David Seery

Back reaction and renormalization in cosmological correlation functions

Measurement and inference in cosmology generally depends on a comparison of observed correlations with those predicted by a theoretical model. The sophistication with which we are able to predict such correlations has been slowly increasing. Recently, the unexpected mass distribution of merging black holes detected with LIGO/VIRGO/Kagra has encouraged cosmologists to consider early-universe scenarios in which nontrivial dynamics somehow cause a spike in power over a narrow range of scales. The enhanced fluctuations associated with these scales could collapse to produce the population of black holes observed by LVK.

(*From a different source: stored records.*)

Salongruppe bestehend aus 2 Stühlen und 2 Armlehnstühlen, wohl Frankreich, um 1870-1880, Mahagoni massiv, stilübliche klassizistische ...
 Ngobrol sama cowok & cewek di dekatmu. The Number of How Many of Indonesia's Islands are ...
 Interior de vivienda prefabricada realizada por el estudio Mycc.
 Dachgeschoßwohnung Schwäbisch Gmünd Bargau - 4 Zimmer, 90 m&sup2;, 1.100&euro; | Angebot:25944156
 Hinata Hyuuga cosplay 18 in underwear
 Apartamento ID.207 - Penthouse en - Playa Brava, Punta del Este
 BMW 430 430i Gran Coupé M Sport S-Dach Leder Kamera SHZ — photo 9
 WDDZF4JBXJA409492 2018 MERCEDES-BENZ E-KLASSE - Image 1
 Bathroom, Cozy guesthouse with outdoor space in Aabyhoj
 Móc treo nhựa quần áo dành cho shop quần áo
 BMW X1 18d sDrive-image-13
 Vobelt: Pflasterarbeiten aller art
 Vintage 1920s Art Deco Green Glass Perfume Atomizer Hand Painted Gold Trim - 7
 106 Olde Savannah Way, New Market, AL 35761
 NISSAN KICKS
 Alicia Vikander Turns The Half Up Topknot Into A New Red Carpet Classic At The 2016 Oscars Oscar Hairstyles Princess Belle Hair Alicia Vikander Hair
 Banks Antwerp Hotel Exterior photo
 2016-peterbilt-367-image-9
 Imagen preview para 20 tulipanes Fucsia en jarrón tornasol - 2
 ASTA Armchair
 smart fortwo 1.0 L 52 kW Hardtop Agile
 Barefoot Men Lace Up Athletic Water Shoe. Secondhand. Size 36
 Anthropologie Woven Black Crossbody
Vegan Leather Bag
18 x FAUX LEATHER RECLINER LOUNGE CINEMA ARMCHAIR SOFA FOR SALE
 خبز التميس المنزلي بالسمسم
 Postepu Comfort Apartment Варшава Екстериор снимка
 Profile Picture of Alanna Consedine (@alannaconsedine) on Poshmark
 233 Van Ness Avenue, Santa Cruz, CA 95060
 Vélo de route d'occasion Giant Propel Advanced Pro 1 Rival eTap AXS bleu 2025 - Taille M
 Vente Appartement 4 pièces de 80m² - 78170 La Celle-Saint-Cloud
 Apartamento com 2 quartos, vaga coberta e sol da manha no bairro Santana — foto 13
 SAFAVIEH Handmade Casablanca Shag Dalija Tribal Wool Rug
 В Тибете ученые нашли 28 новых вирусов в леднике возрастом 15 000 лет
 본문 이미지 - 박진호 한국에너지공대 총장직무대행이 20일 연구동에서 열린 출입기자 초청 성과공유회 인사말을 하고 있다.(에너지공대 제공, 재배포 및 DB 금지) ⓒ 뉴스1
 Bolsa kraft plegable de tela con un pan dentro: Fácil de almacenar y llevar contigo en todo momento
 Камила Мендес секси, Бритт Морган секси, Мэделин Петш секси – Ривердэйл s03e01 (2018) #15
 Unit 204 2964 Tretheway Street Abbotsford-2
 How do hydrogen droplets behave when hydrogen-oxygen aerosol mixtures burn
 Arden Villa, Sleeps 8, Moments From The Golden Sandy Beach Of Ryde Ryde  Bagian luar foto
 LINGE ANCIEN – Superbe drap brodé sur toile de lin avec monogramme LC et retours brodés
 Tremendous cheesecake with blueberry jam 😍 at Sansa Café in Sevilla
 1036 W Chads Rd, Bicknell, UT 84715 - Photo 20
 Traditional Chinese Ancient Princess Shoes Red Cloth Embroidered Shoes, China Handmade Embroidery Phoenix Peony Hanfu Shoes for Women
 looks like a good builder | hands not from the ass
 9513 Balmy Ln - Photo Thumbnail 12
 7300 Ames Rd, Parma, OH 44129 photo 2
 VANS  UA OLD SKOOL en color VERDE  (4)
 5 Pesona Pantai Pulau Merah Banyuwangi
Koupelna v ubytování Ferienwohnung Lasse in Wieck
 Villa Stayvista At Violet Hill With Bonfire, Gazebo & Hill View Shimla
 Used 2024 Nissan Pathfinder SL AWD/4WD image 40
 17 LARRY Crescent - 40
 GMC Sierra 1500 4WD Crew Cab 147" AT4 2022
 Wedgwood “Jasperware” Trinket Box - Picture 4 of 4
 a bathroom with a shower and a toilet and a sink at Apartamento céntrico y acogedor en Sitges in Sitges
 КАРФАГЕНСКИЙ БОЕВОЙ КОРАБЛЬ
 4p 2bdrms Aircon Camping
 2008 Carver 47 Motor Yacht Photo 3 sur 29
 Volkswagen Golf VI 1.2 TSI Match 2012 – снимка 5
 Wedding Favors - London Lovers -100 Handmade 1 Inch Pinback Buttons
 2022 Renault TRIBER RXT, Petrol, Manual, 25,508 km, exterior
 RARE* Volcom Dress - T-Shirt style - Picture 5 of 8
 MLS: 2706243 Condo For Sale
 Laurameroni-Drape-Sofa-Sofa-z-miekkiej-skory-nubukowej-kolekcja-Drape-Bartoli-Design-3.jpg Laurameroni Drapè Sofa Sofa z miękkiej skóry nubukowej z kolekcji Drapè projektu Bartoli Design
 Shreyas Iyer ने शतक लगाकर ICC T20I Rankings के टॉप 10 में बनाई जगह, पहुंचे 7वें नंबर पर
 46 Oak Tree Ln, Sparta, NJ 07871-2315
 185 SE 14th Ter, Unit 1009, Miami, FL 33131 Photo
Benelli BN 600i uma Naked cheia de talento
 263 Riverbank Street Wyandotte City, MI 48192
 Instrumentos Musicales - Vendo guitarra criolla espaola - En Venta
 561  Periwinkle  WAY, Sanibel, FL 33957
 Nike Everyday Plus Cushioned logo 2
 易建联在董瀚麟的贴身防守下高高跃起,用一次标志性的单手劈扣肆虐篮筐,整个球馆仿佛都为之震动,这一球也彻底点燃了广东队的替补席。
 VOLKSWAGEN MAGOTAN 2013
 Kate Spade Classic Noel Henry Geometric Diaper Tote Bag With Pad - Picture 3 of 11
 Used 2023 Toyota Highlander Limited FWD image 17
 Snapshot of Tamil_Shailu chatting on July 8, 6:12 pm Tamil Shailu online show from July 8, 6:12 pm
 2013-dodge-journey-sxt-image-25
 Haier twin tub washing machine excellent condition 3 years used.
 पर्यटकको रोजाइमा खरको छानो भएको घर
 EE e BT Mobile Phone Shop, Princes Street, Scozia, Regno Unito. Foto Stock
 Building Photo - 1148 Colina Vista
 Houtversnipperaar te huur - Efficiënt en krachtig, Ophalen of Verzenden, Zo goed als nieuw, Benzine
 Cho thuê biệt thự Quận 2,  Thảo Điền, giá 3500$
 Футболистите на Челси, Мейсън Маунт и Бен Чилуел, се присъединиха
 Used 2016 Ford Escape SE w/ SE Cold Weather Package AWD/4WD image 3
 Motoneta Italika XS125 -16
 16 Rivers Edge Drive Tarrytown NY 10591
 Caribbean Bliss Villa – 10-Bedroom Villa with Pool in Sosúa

In these scenarios, back-reaction can cascade power from small scales to large scales. In theoretical calculations this manifests as a sensitivity to loop corrections. These are much the same as the familiar loops in Feynman diagrams that mediate quantum effects for particles scattering in vacuum, although here they can represent a mix of quantum and classical processes. Otherwise there are many points of similarity. In particular, in perturbation theory, the loops need to be regularized and renormalized. There is still considerable ambiguity about how this should be done.

Although activity in this area has been catalysed by the LVK results, but the impact of loops is not limited to these scenarios. Theorists had already been studying them for a variety of applications. Depending on your interests, there could be a number of projects in this area:

Numerical: if you have good computing skills (or want to develop them), then evaluation of the loops is numerically challenging. We are trying to produce high-quality numerical results for the gravitational wave spectrum  generated from loops that average over the effect of small-scale structure. This is expected to be a relevant target for LISA and subsequent gravitational wave observatories. To do this we need to build sophisticated High Performance Computing (HPC) codes that deploy on a compute cluster. Sometimes we also leverage tools from data science, including large databases and tools such Arrow for handling out-of-memory datasets.

Theorists: Much progress has been driven by importing (or rediscovering) methods from non-equilibrium quantum field theory. We are exploring the use of these frameworks to write (and solve) evolution equations for cosmological correlation functions beyond tree level. We would like to use these equations to develop improved modelling of gravitational wave production and scalar back-reaction. Non-equilibrium methods have very wide applicability to many phenomena operating over cosmological history. In addition, we are exploring how to correctly regularize and renormalize the resulting correlation functions, so that they can be correctly compared with observation. There would be opportunities to become involved with this effort.